Remove www Sub-domain¶
Remove the www sub-domain.
<?php
use webignition\Uri\Normalizer;
use webignition\Uri\Uri;
$uri = new Uri('http://www.example.com');
$normalizedUri = Normalizer::normalize($uri, Normalizer::REMOVE_WWW);
(string) $normalizedUri;
// "http://example.com"
Specify a Default Scheme¶
Specify a default scheme to be applied if none is present.
<?php
use webignition\Uri\Normalizer;
use webignition\Uri\Uri;
$uri = new Uri('//www.example.com');
$normalizedUri = Normalizer::normalize($uri, Normalizer::NONE, [
Normalizer::OPTION_DEFAULT_SCHEME => 'http',
]);
(string) $normalizedUri;
// "http://example.com"
Remove Filenames From Path By Pattern¶
Remove the filename from the path component. Removal is defined through one or more patterns.

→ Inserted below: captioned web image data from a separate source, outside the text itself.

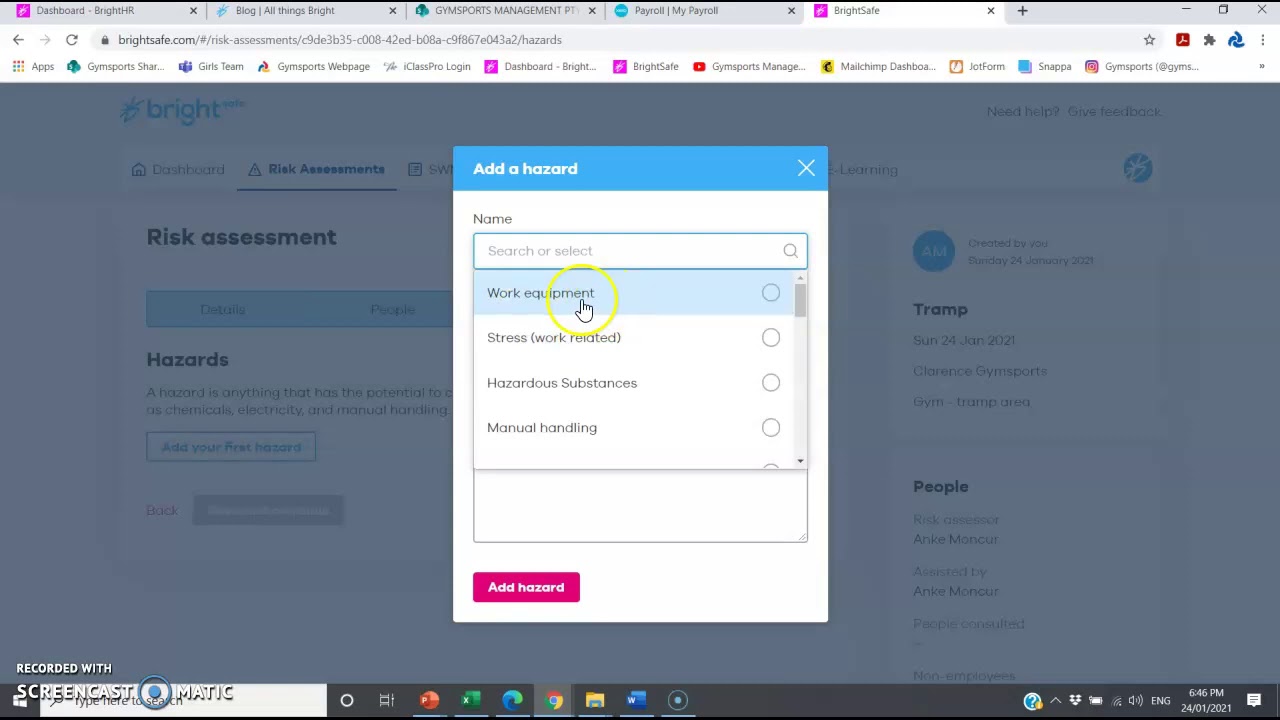 Brightsafe Risk Assessment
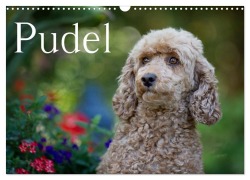 Pudel (Wandkalender 2026 DIN A3 quer), CALVENDO Monatskalender - Nicole Noack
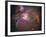 Orion Nebula-Stocktrek Images-Framed Photographic Print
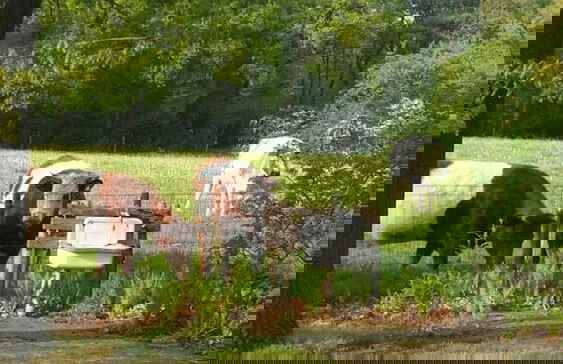 Cottage in Schijf With Garden - Foto 12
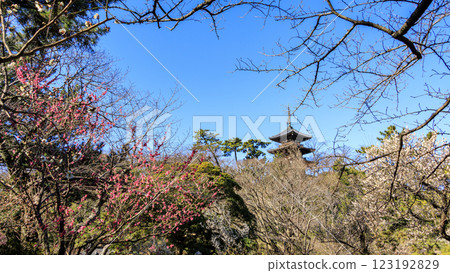 Sankeien Garden, a scenic Japanese garden, in winter (early spring) 123192829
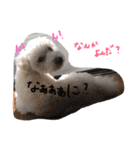 くくたん（個別スタンプ：12）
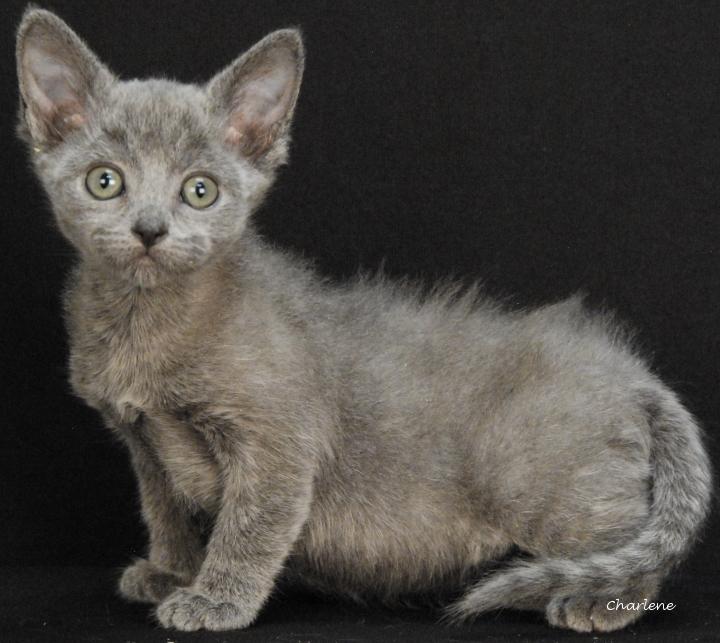 Enlarge Weenie Hut Jr., a Adoptable Domestic Short Hair in Newland, NC image 2/2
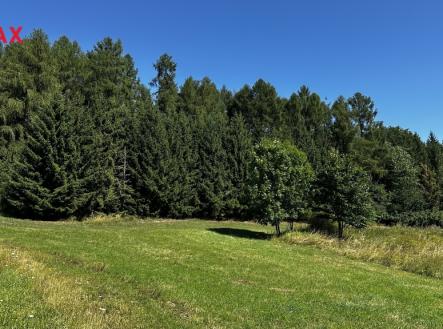 Prodej pozemku, les, 17 502 m²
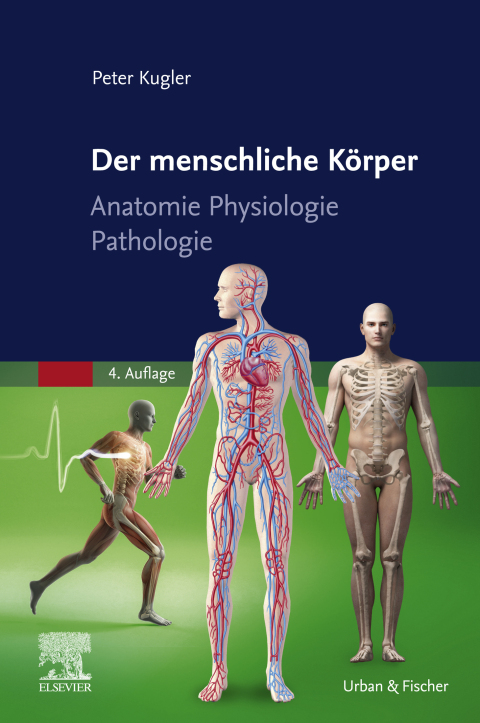 Cover image for book Der menschliche Körper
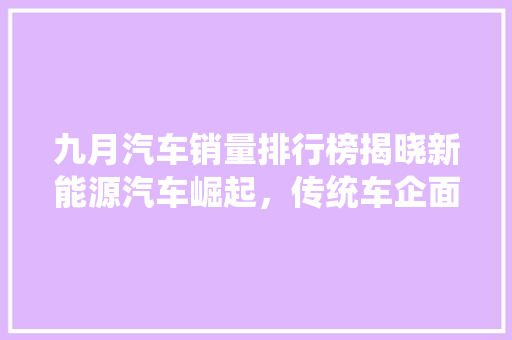 九月汽车销量排行榜揭晓新能源汽车崛起，传统车企面临挑战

Useful for stripping common default filenames such as index.html
, index.js
or default.asp
.
<?php
use webignition\Uri\Normalizer;
use webignition\Uri\Uri;
$uri = new Uri('http//www.example.com/index.html');
$normalizedUri = Normalizer::normalize($uri, Normalizer::NONE, [
Normalizer::OPTION_REMOVE_PATH_FILES_PATTERNS => Normalizer::REMOVE_INDEX_FILE_PATTERN,
]);
(string) $normalizedUri;
// "http://example.com/"
Remove Query Parameters By Pattern¶
Remove query parameters where the parameter key matches one of a set of patterns.
Useful for stripping query parameters considered by you to be irrelevant to the canonical form of a URL.
<?php
use webignition\Uri\Normalizer;
use webignition\Uri\Uri;
$uri = new Uri('http//www.example.com?x=1&y=2&utm_source=facebook&utm_medium=18');
$normalizedUri = Normalizer::normalize($uri, Normalizer::NONE, [
Normalizer::OPTION_REMOVE_QUERY_PARAMETERS_PATTERNS => [
'/^utm_\w+/i',
],
]);
(string) $normalizedUri;
// "http://example.com?page=1&category=2"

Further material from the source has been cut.